The Comets were 11-2 at home, 1-1 on a neutral court and 0-8 on the road this season under first-year coach J.R. Howell.
“It was a good season. We had a tough time on the road all season. We had a new system we struggled with early,” Douglass said. “We got to our holiday tournament and beat a couple of bigger schools. We played Lowell which was a buzzsaw but we figured some things out. We won quite a few in a row and overall had a great year.”
Douglass added he enjoyed playing for Howell.
“I loved coach Howell coming in and coaching us. He’s a great guy. I could talk about anything with him,” he said. “It was great having him this year. He changed our offense and defense and I had a tough time adjusting at first. I wish I had one more year and see what I could do. He’ll have a great coaching career.”

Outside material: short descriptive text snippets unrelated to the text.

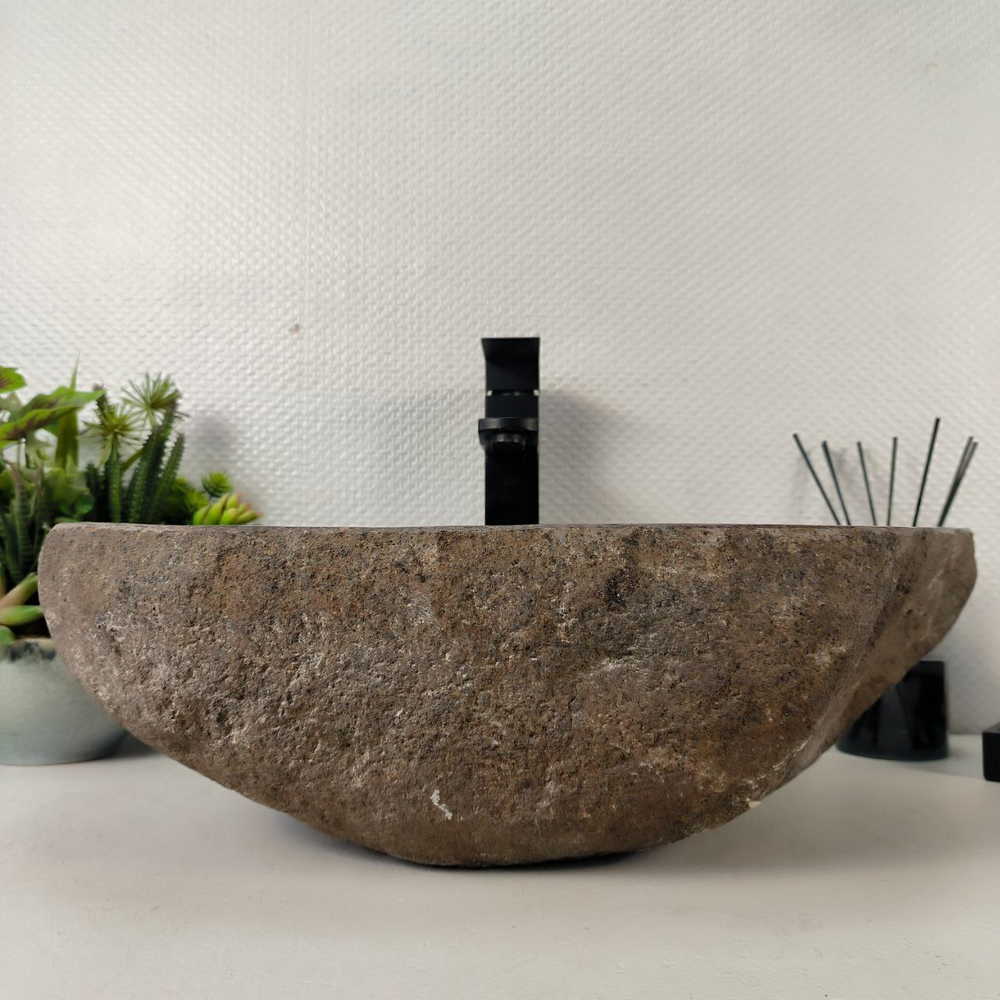 Раковина из речного камня RS-65036 51*35*16 0857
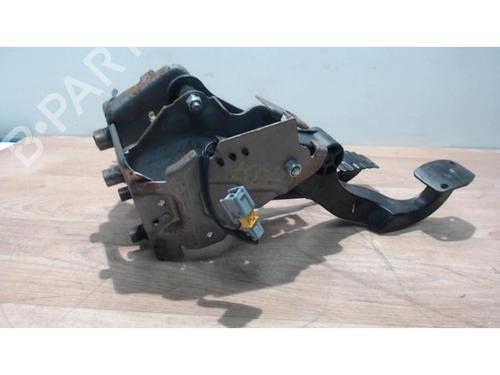 Pedal PEUGEOT 208 I (CA_, CC_) 1.2 VTI 82 | BP25413427I4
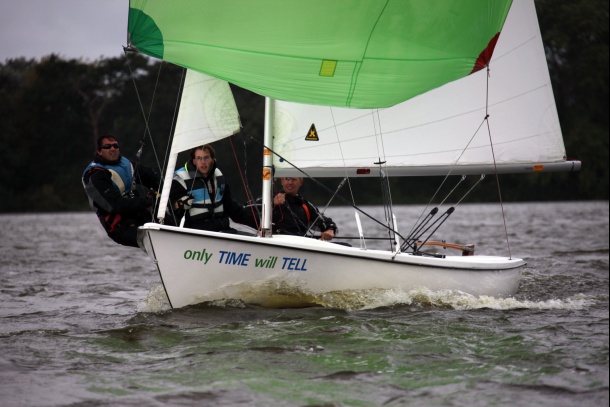 Foto van Renan ik en Wouter onder SPI met de Randmeer bij de Elfhoeven.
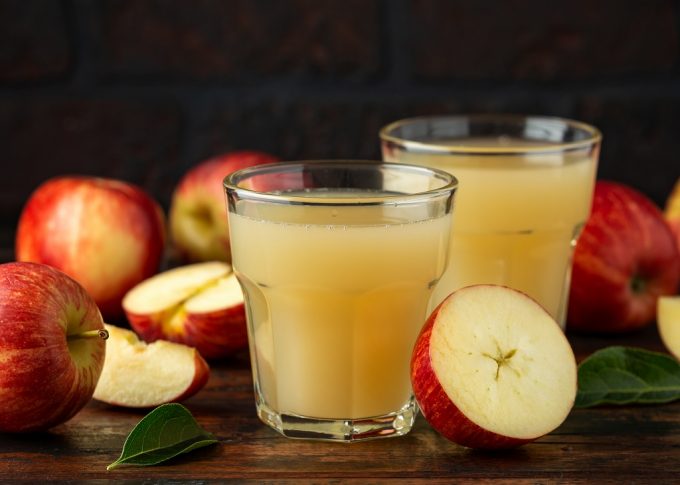 El jugo de manzana previene las enfermedades cardiovasculares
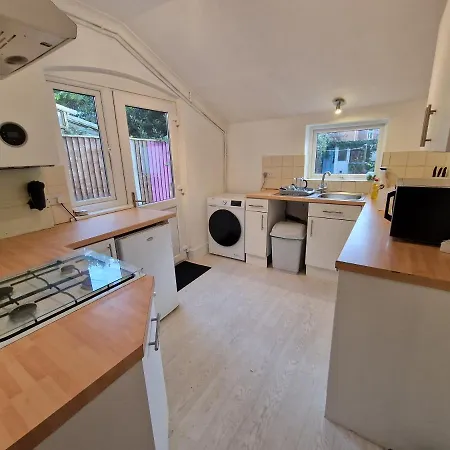 Cosyhomestay Evesham Spacious Home W/Free Parking & Wifi Exterior photo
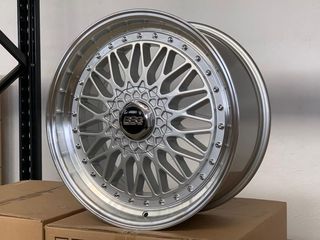 2+2 Llantas 8x18 y 9.5x18 5x120 et20 74.1 stilo RS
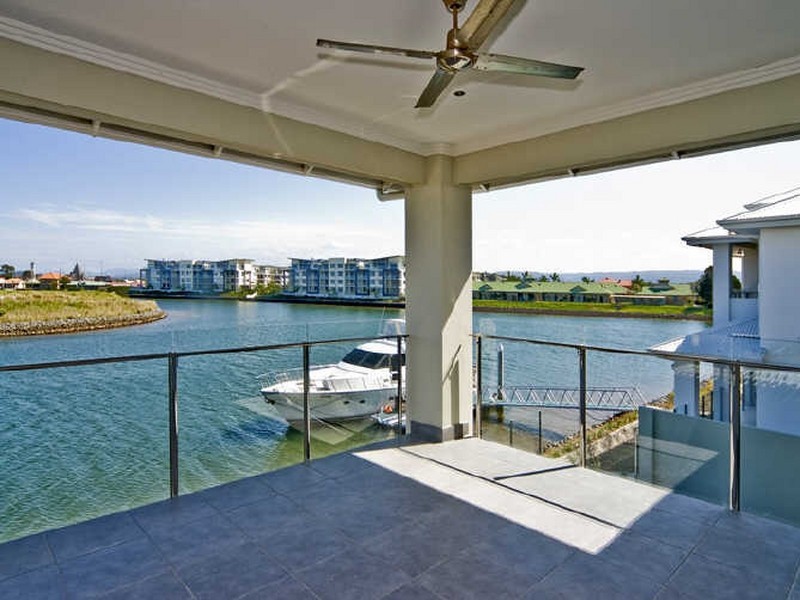 8 Palladium Boulevard, Hope Island QLD 4212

Douglass said he had a couple of D-III offers to play basketball but will instead attend Purdue for academics.
The following is a question-and-answer session with Douglass.
Q. Of the sports you play, which is your favorite? Why?
A. Basketball, because I have been playing it my whole life and have made so many friends over the years because of it.
Q. How did you first get started in sports? At what age?
A. When I was 4 my parents signed me up for T-ball at Twelve Mile and basketball at the YMCA.
Q. Do you have any family members who played sports?
A. Both of my grandpas played basketball at Grass Creek and Richland Center. My dad played football, wrestled and golfed at Caston. My mom played basketball at Caston. My sister played volleyball. My little brother played football and basketball with me.
Q. How do you feel you’ve improved as an athlete since you first started playing?
A. Coach Ulerick opens the weight room at 7 a.m. every day so lifting and doing workouts has helped me a lot.
Q. Who do you consider your biggest role model? Why?
A. My dad. We don’t always see eye to eye but he’s a great person. He pushes me to be the best I can be. I can’t ever imagine not having him in my life.
Q. What is something that not everyone knows about you?
A. I literally ran into Taylor Swift at a Notre Dame football game one time. It was awesome!
Q. What is your favorite memory of playing sports at your school?
A. My sophomore year we played Pioneer at home in a standing room-only gym and won. It was a crazy atmosphere and something I’ll never forget.
Q. What are your goals for your future? Do you plan on attending college?
A. I plan on attending Purdue University and major in sales and management. I want to be a high school basketball coach some day also.
Each week during the school year the Pharos-Tribune recognizes an athlete from one of five area high schools. The recipients are selected by each school’s athletic department.